[Start of section]

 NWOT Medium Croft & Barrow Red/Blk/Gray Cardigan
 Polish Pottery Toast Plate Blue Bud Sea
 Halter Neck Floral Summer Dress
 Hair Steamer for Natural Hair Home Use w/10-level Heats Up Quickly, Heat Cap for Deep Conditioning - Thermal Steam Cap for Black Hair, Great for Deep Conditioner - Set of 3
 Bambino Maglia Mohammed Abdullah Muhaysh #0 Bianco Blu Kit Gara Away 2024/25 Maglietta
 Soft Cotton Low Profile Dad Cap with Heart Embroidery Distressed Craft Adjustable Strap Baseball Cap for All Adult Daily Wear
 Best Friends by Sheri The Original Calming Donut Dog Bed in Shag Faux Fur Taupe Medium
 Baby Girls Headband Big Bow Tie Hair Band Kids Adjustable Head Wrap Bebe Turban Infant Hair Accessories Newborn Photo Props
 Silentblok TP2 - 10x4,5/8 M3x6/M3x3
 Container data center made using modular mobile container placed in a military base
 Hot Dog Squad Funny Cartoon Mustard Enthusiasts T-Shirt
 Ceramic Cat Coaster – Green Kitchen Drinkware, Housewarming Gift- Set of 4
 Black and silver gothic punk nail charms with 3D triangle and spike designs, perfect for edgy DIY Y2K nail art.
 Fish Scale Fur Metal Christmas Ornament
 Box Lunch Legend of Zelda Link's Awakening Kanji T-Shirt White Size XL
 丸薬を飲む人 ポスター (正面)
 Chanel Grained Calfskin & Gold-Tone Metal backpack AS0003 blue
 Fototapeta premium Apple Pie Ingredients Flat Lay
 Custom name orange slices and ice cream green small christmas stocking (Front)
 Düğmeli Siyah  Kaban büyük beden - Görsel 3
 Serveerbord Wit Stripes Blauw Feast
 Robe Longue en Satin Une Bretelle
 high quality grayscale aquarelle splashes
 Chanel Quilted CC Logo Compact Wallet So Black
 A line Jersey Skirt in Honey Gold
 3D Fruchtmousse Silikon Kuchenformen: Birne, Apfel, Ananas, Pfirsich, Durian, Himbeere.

[End of section]

> **Your task**: Retype, exactly and with nothing added, the lines of the material above from the first through the one that contains "Fototapeta premium Apple".

> **Task solution**:
 NWOT Medium Croft & Barrow Red/Blk/Gray Cardigan
 Polish Pottery Toast Plate Blue Bud Sea
 Halter Neck Floral Summer Dress
 Hair Steamer for Natural Hair Home Use w/10-level Heats Up Quickly, Heat Cap for Deep Conditioning - Thermal Steam Cap for Black Hair, Great for Deep Conditioner - Set of 3
 Bambino Maglia Mohammed Abdullah Muhaysh #0 Bianco Blu Kit Gara Away 2024/25 Maglietta
 Soft Cotton Low Profile Dad Cap with Heart Embroidery Distressed Craft Adjustable Strap Baseball Cap for All Adult Daily Wear
 Best Friends by Sheri The Original Calming Donut Dog Bed in Shag Faux Fur Taupe Medium
 Baby Girls Headband Big Bow Tie Hair Band Kids Adjustable Head Wrap Bebe Turban Infant Hair Accessories Newborn Photo Props
 Silentblok TP2 - 10x4,5/8 M3x6/M3x3
 Container data center made using modular mobile container placed in a military base
 Hot Dog Squad Funny Cartoon Mustard Enthusiasts T-Shirt
 Ceramic Cat Coaster – Green Kitchen Drinkware, Housewarming Gift- Set of 4
 Black and silver gothic punk nail charms with 3D triangle and spike designs, perfect for edgy DIY Y2K nail art.
 Fish Scale Fur Metal Christmas Ornament
 Box Lunch Legend of Zelda Link's Awakening Kanji T-Shirt White Size XL
 丸薬を飲む人 ポスター (正面)
 Chanel Grained Calfskin & Gold-Tone Metal backpack AS0003 blue
 Fototapeta premium Apple Pie Ingredients Flat Lay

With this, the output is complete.